● EXERCISE DIRECTIONS
Print, exactly as they stand, the lines below from the one that has "Heart Saying Be Mine Embroidery Design 12" to the one that has "2 Pairs Earrings", inclusive, leaving out the pictures.

● INPUT FOR THIS TASK
□ □ □ □ □

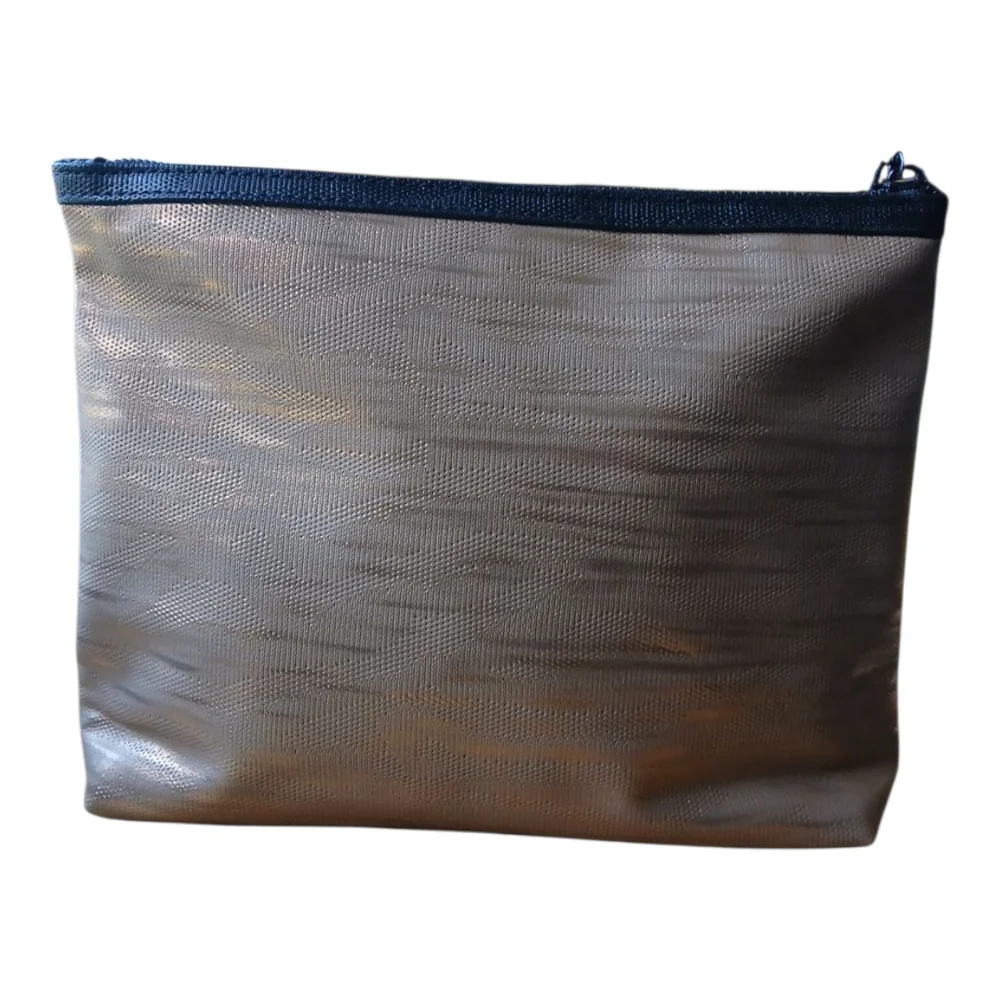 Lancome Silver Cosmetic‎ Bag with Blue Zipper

□ □ □ □ □

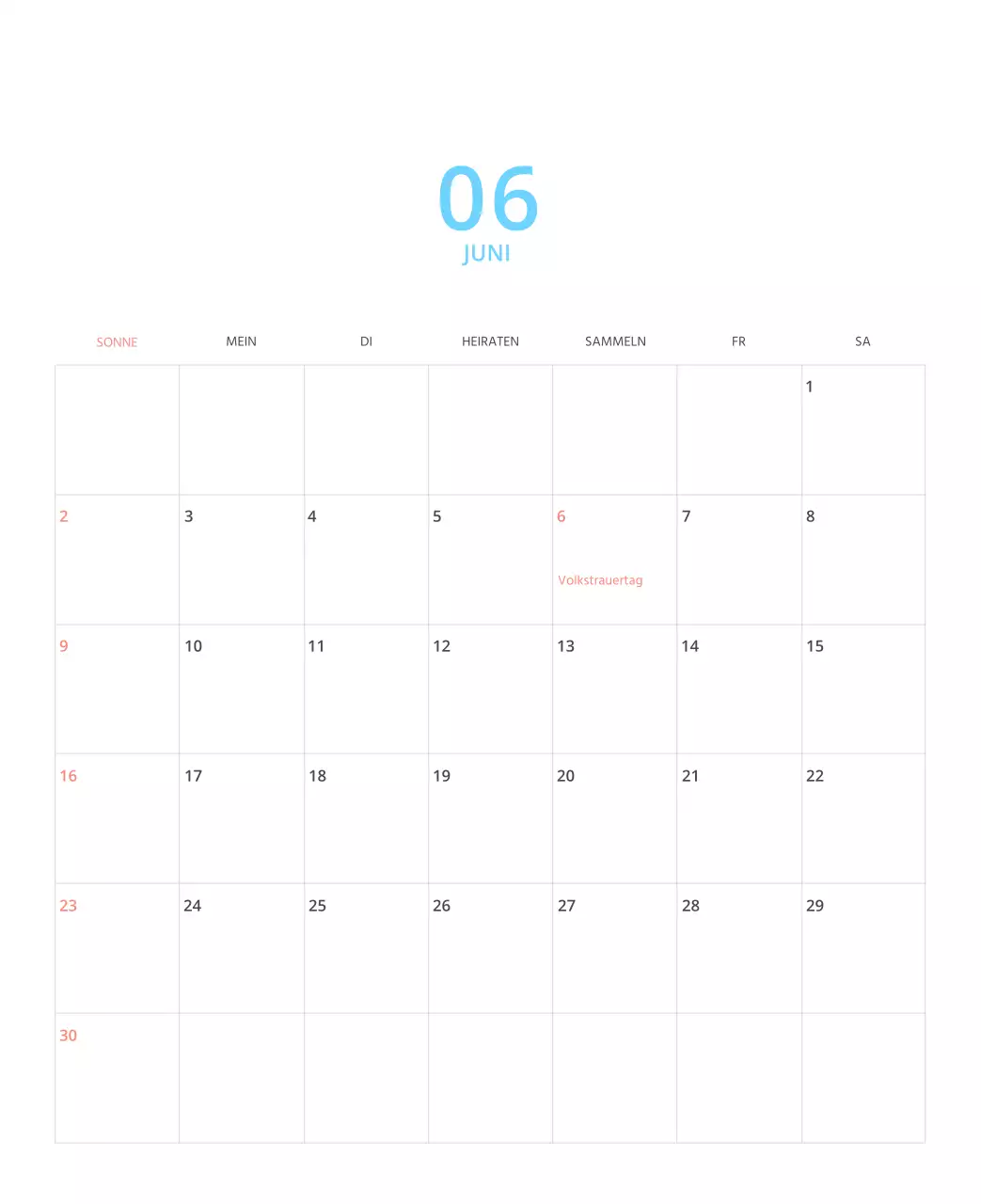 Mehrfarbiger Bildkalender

□ □ □ □ □

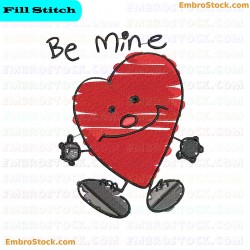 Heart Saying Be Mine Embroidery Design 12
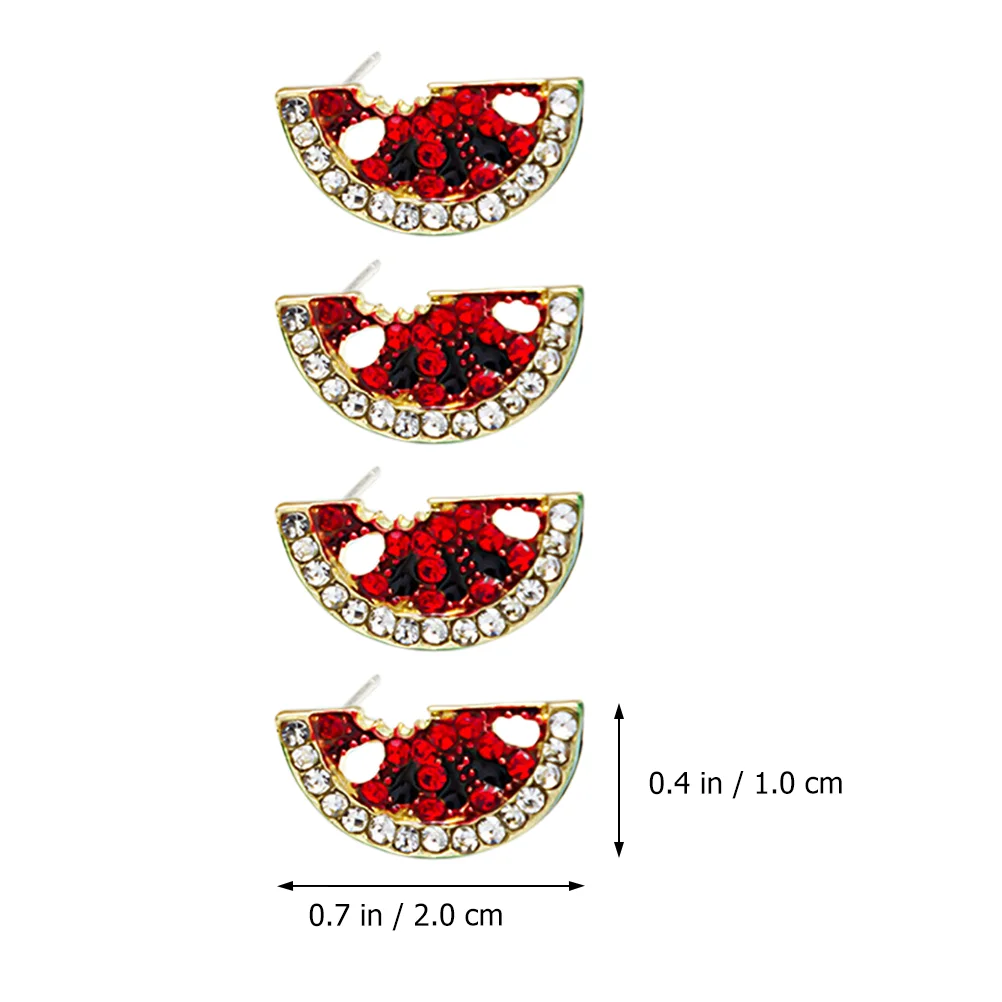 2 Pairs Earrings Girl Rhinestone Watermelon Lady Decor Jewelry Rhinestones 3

□ □ □ □ □

● ANSWER SPACE
 Heart Saying Be Mine Embroidery Design 12
 2 Pairs Earrings Girl Rhinestone Watermelon Lady Decor Jewelry Rhinestones 3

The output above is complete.